Last updated on April 8th, 2024 at 11:05 am

The lawsuit alleged that the tech giant tracked the activities of individuals who believed they were privately browsing using its Chrome browser’s incognito mode

Google has agreed to dispose of billions of records as part of a settlement in a lawsuit. The lawsuit accused Google of covertly tracking the online activities of individuals who believed they were browsing privately in its Chrome browser’s incognito mode. Users claimed that Google’s analytics, cookies, and apps allowed the Alphabet unit to improperly monitor people who set Google’s Chrome browser to “incognito” mode and other browsers to “private” browsing mode.

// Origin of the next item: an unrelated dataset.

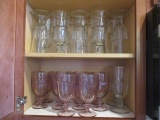 10 Pink Duratuff Glasses and 12 Heavy Glass Goblets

They argued that this practice transformed Google into an “unaccountable trove of information,” allowing the company to learn about their friends, favorite foods, hobbies, shopping habits, and the “most intimate and potentially embarrassing things” they search for online.

The terms of the settlement were filed on Monday in the federal court in Oakland, California, and require approval by US District Judge Yvonne Gonzalez Rogers. The class action lawsuit began in 2020, covering millions of Google users who used private browsing since June 1, 2016.

As part of the settlement, Google will update disclosures about what it collects in “private” browsing, a process it has already initiated. It will also allow incognito users to block third-party cookies for five years.

“The result is that Google will collect less data from users’ private browsing sessions, and that Google will make less money from the data,” the plaintiffs’ lawyers wrote.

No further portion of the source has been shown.